Records from a dataset
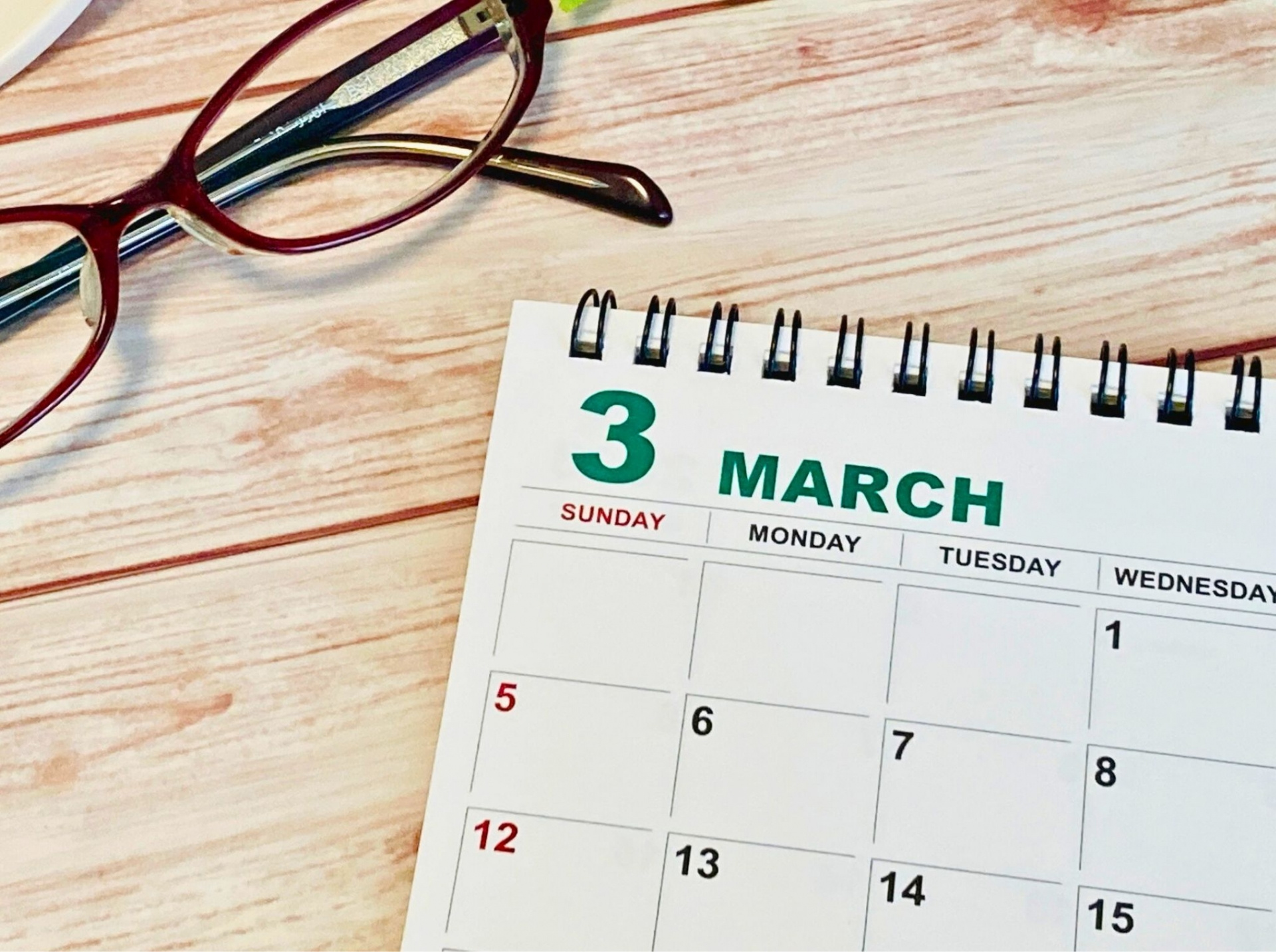 【3月からの部屋探し】まだ間に合う！繁忙期ラストに好物件を見つける3つの秘訣の画像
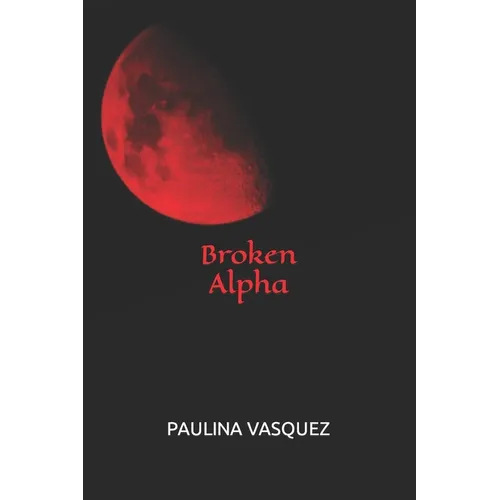 Broken Alpha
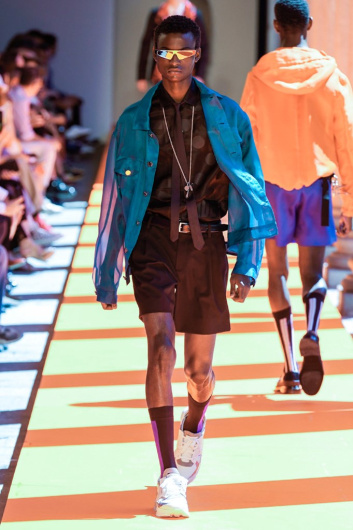 Fotoservizio/SS 2020/MEN/SFILATA/LES HOMMES/DP2/4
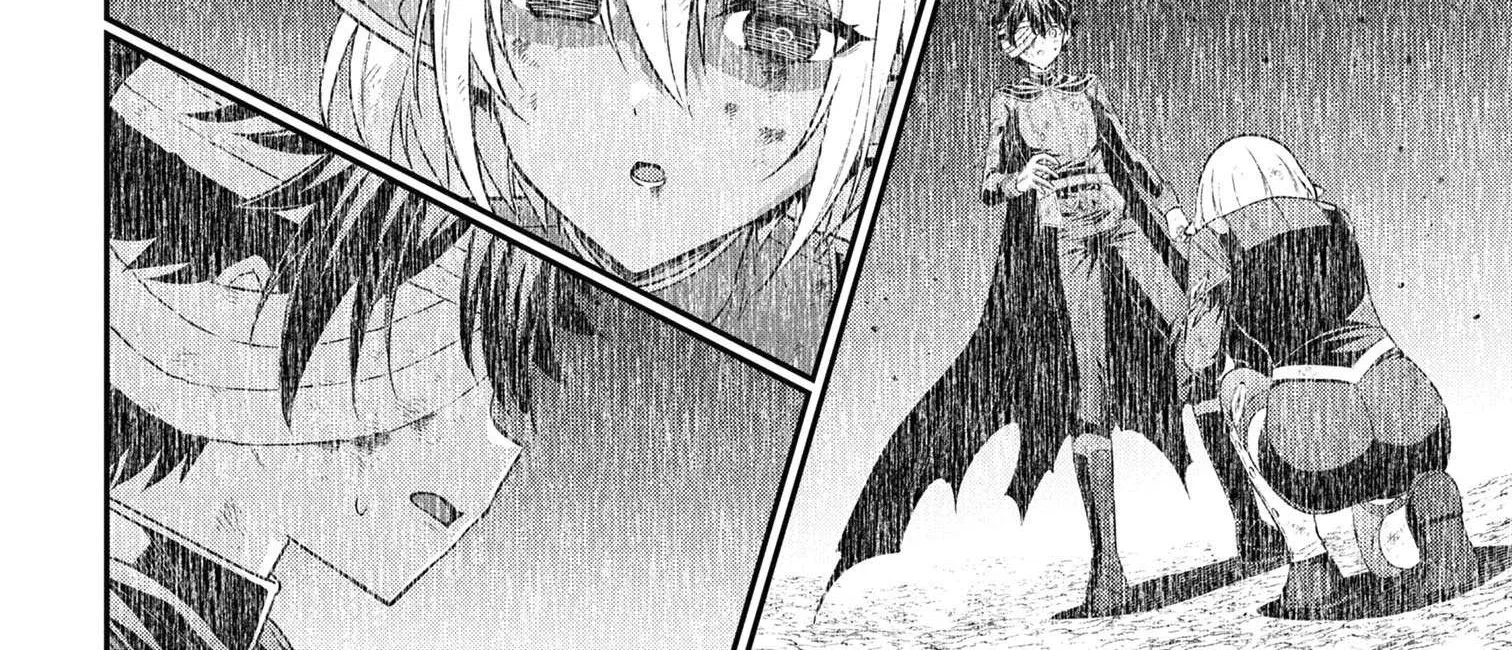 Kuro No Senki Ii: Isekai Teni Shita Boku Ga Saikyou Na No Wa Bed No Ue Dake No You Desu Chapter 5.2 page 27 - 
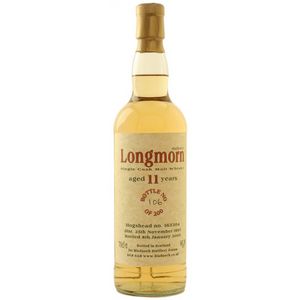 Longmorn 11 Year Old Bladnoch Forum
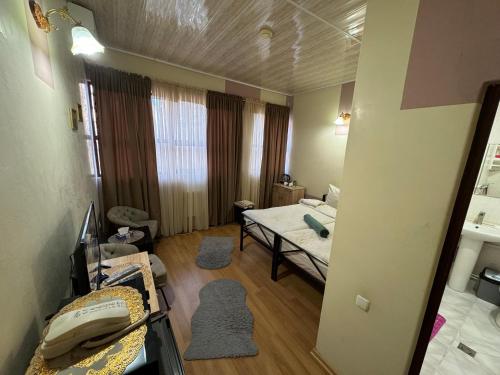 ALEM Hotel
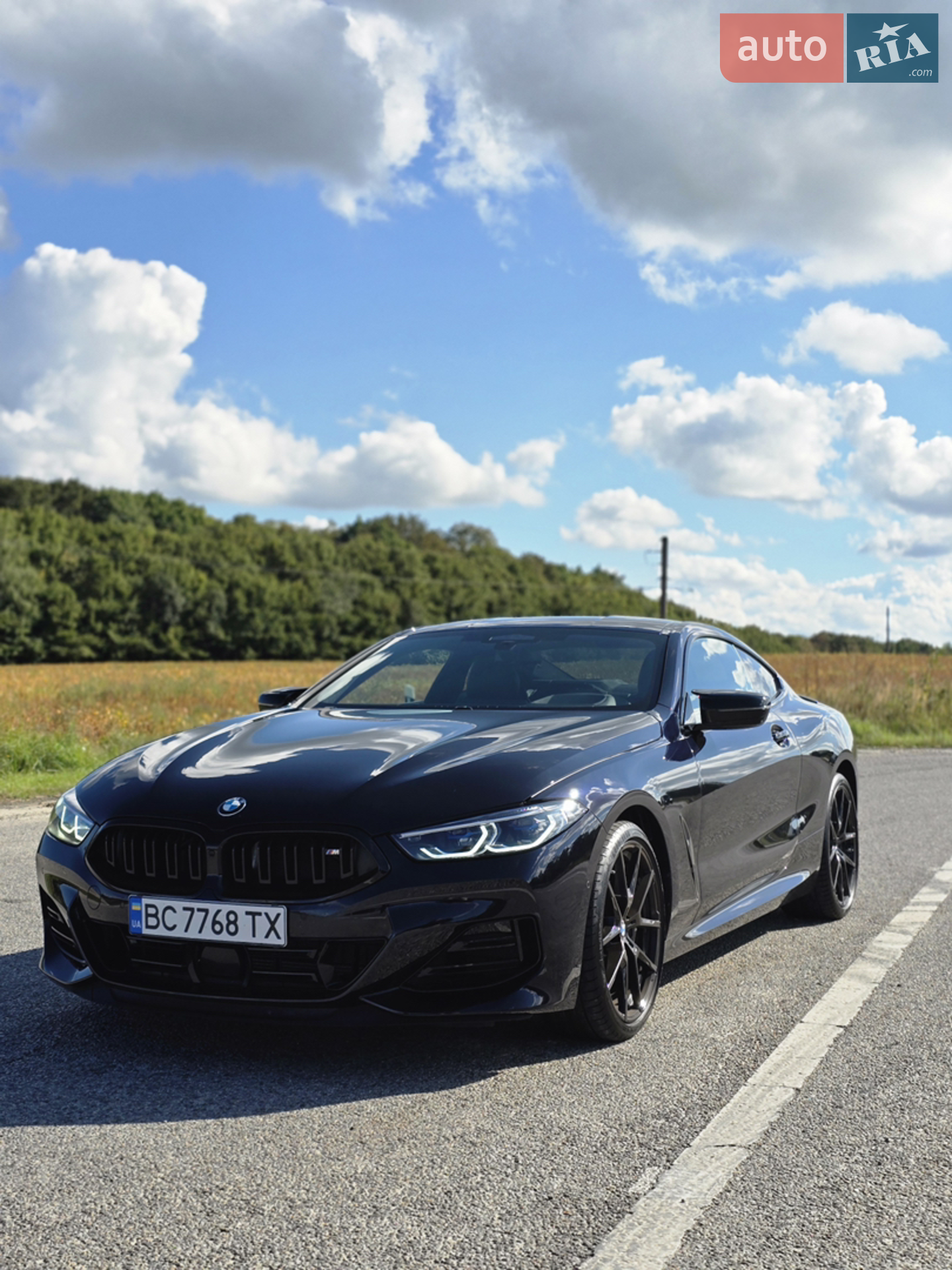 2023 BMW 8er - мініатюра 6
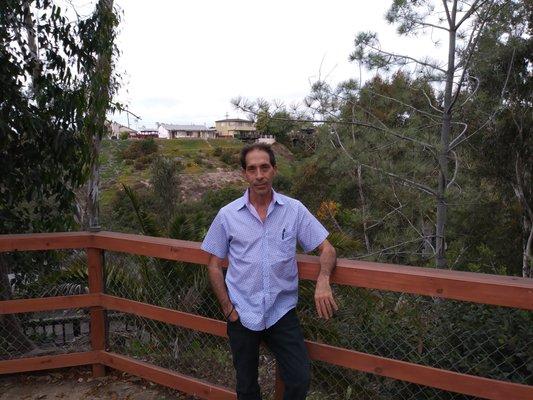 San Diego 2018 - Auricolotherapy Interpretor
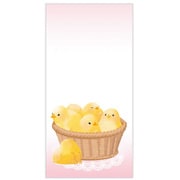 もりのぽち袋 ヒヨコ ノ473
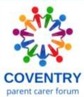 Coventry Parent carer forum logo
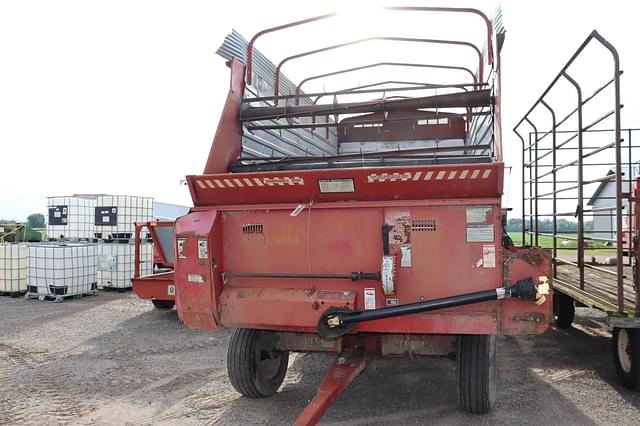 Image of H&S Super 7+4 equipment image 1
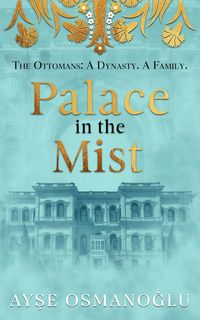 Produktbild: Palace in the Mist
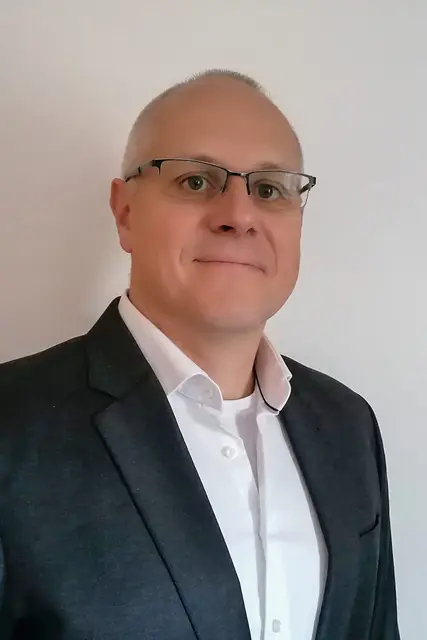 Harald Nagl ist neuer Leiter des AMS in Wiener Neustadt. | Foto: AMS
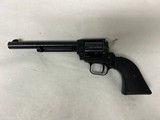 HERITAGE MFG. ROUGH RIDER .22 LR - 3 of 3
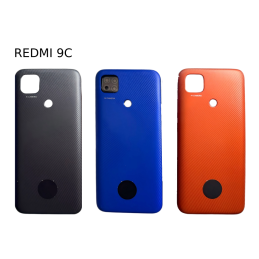 Tapa Trasera para Xiaomi...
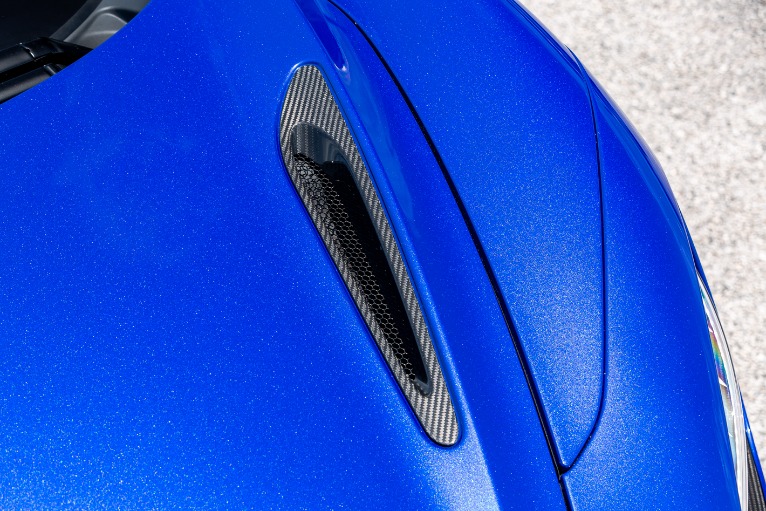 New 2024 McLaren 750S Spider for sale Sold at McLaren Orlando LLC in Winter Park FL 32789 2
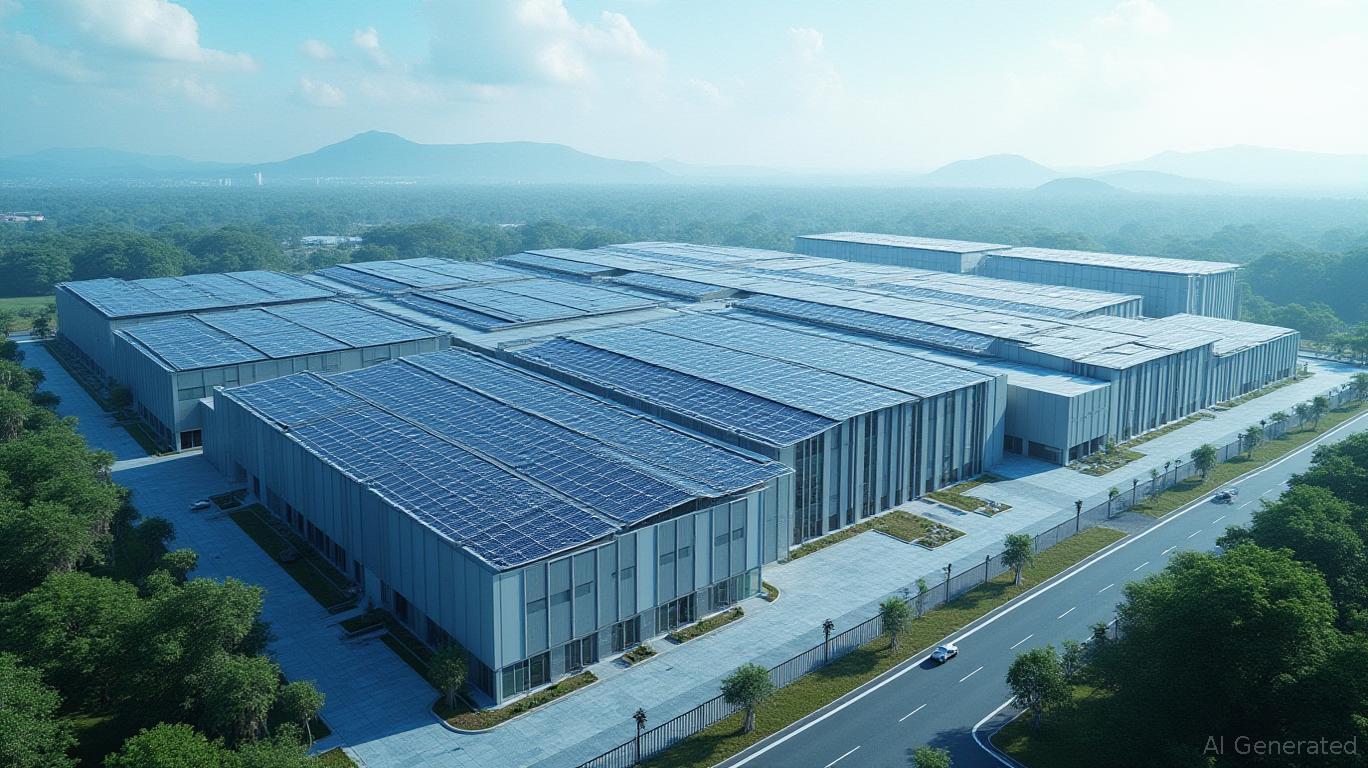 HRC World PLC's Leadership Overhaul: A Catalyst for Sustainable Tech Growth
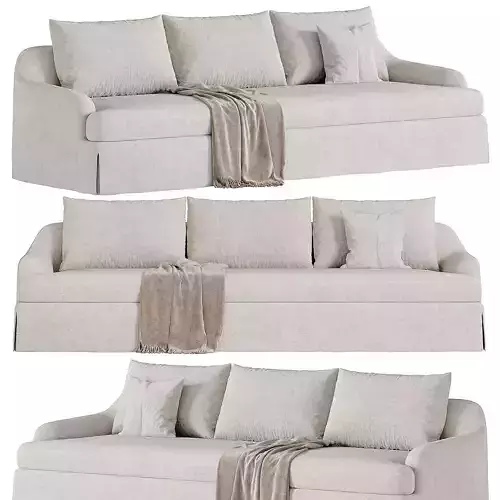 VINCENT VAN DUYSEN SOFA 01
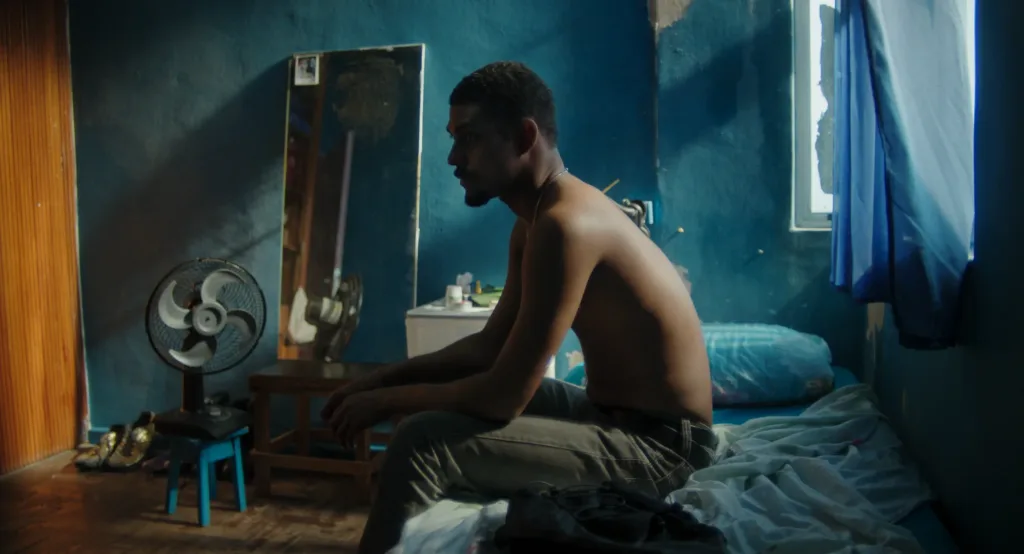 A Margem do Rio | Suspense Brasileiro Redefine o Terror Político 4 A Margem do Rio Vitrine Filmes 5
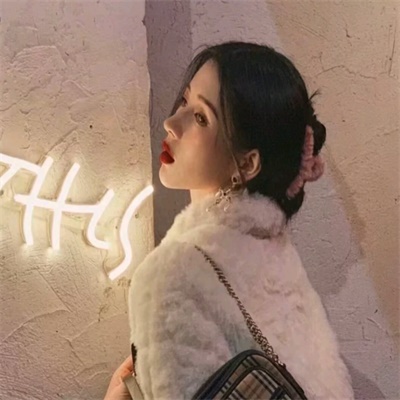 最新女生头像霸气御姐范(28张)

WHAT IS EXPECTED: Take the line containing "Produktbild: Palace in the Mist" as the first line and the last line of the data above as the final one, and output exactly the lines between them, inclusive, with no pictures.

EXERCISE RESPONSE:
 Produktbild: Palace in the Mist
 Harald Nagl ist neuer Leiter des AMS in Wiener Neustadt. | Foto: AMS
 HERITAGE MFG. ROUGH RIDER .22 LR - 3 of 3
 Tapa Trasera para Xiaomi...
 New 2024 McLaren 750S Spider for sale Sold at McLaren Orlando LLC in Winter Park FL 32789 2
 HRC World PLC's Leadership Overhaul: A Catalyst for Sustainable Tech Growth
 VINCENT VAN DUYSEN SOFA 01
 A Margem do Rio | Suspense Brasileiro Redefine o Terror Político 4 A Margem do Rio Vitrine Filmes 5
 最新女生头像霸气御姐范(28张)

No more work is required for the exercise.